OMC Earnings to Face Pressure Due to Q1FY27 Under-Recoveries
Oil Marketing Companies (OMCs) in India are bracing for a challenging period as profitability concerns loom large for the upcoming fiscal year. According to a recent research report by brokerage firm Prabhudas Lilladher, significant under-recoveries in Q1FY27 and the looming risk of excise duty rollbacks are set to weigh heavily on the sector's earnings.
Significant Under-Recoveries Expected in Q1FY27
The primary driver of the anticipated earnings slump is the projected under-recovery in fuel prices. Prabhudas Lilladher expects substantial losses in the first quarter of FY27. Specifically, the report anticipates under-recoveries of ₹7/litre for Motor Spirit (MS) and ₹10/litre for High-Speed Diesel (HSD). These figures take into account a ₹10/litre excise cut and a cap on cracks at USD 10/bbl for MS and USD 15/bbl for HSD.
Liquefied Petroleum Gas (LPG) is identified as the most critical pain point for OMCs. Losses for LPG are estimated to reach approximately ₹500 per cylinder in Q1FY27. This follows a volatile trend observed in previous quarters; for instance, LPG under-recoveries jumped from roughly ₹170/cyl in April 2026 to between ₹610–₹670/cyl in May 2026. Adding to this pressure, Saudi CP prices are expected to surge by 47% quarter-on-quarter (QoQ) for Q1FY27 due to supply constraints caused by disruptions in West Asia.

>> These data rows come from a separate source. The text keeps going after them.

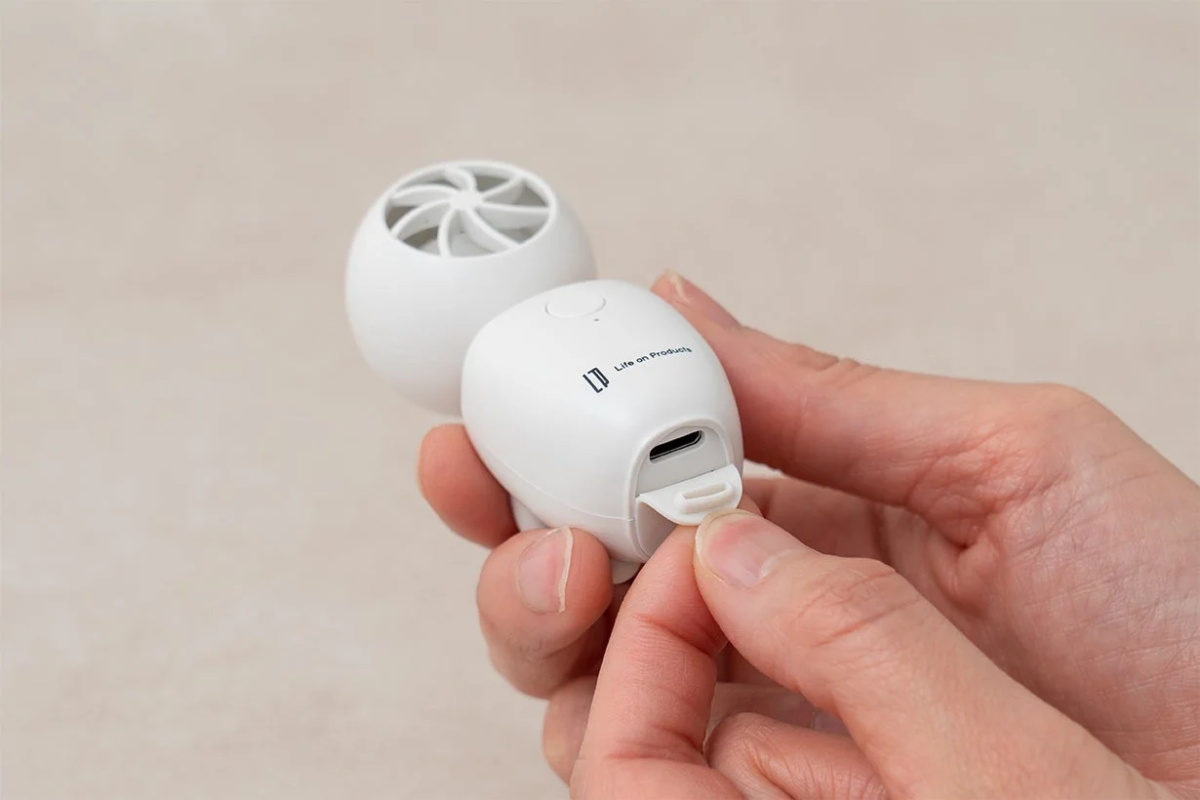 YU-REI FAN charging port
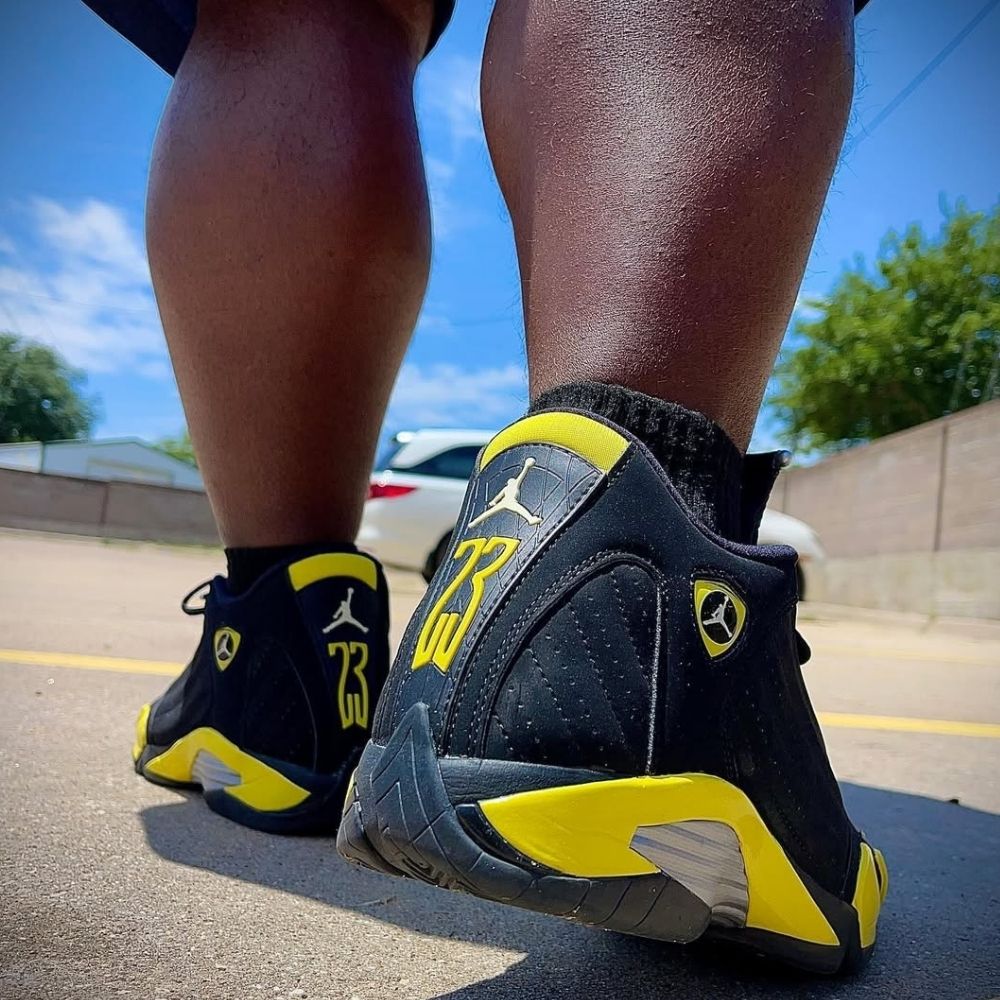 Air Jordan 14 Retro Thunder Black Tour Yellow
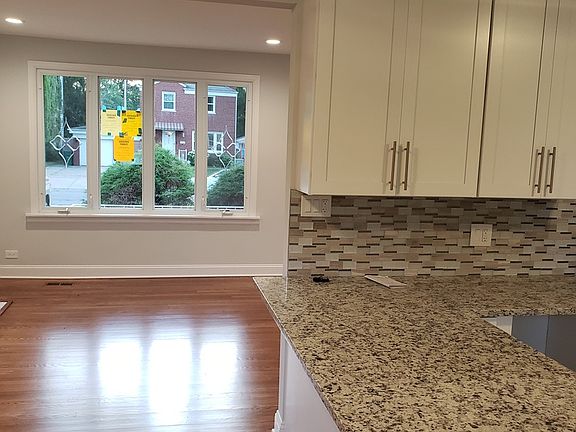 4th image of 1343 Norfolk Ave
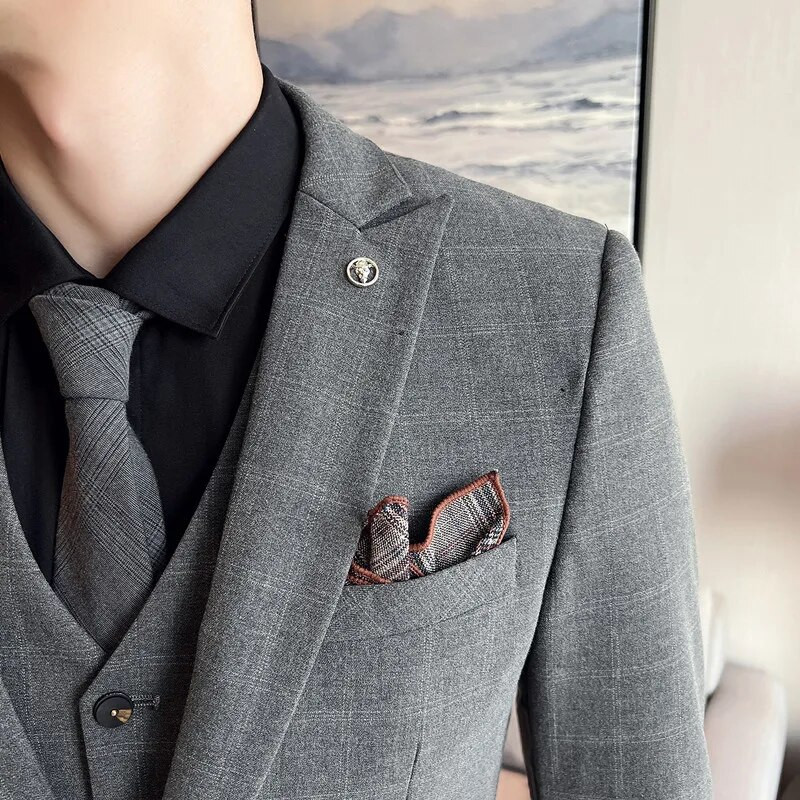 Butiik, mehed (bleiser+ vest + püksid) moe-äripulmade itaalia stiilis trend Liibuv vabaaja ruuduline pulmakleit, 3-osaline komplekt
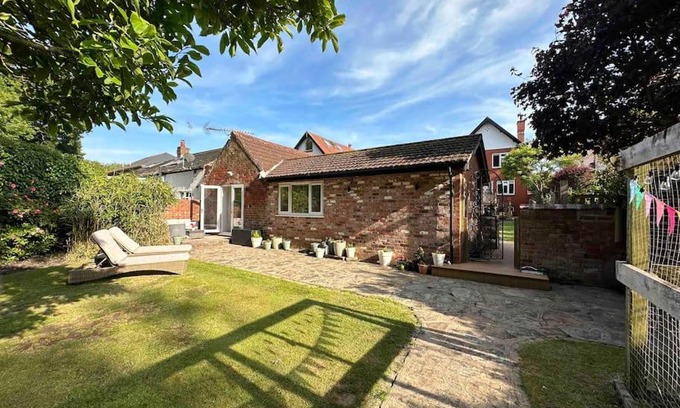 Lytham St. Anne's House | Cozy Leafy Lodge in Lytham - Rated 9.6, Family & Pet Friendly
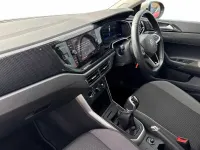 Used VW Taigo Life 95 HP (69 kW) 2024 Grey SUV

The Excise Duty Rollback Risk
A major overhang for the sector is the potential rollback of excise duty cuts. The ₹10/litre excise cut was originally implemented as a crisis management measure rather than a permanent policy. With crude oil prices moderating and retail price hikes already being implemented, there is a growing possibility that the government may phase out these benefits to recoup lost revenue.
Currently, the government bears a revenue impact of approximately ₹1,700 billion per year due to these excise cuts. While any rollback is expected to happen in a phased manner, the mere possibility of this move remains a significant pressure point for the earnings outlook of OMCs.
Crude Oil Volatility and Inventory Rebuilding
While recent geopolitical developments, such as the US-Iran ceasefire, helped Brent crude drop below USD 80/bbl, the brokerage warns that near-term sentiment remains fragile. While Iranian oil exports are expected to resume, which could soften prices, a counter-force is at play: strategic inventory rebuilding.
As countries move to replenish their Strategic Petroleum Reserves (SPRs) and maintain optimum resource levels after utilizing them during recent conflicts, incremental demand is expected to enter the market. This cycle of inventory replenishment is likely to keep crude oil prices volatile, preventing a sustained downward trend and keeping margins compressed for Indian refiners and marketers.
Key Takeaways
- Fuel Under-recoveries: OMCs face projected losses of ₹7/litre for MS and ₹10/litre for HSD in Q1FY27, with LPG losses estimated at ₹500/cyl.
- Regulatory Risks: The potential phased rollback of the ₹10/litre excise duty cut poses a significant threat to bottom-line stability.
- Crude Dynamics: Despite temporary price dips, volatility is expected to persist as global demand rises due to the replenishment of strategic petroleum reserves.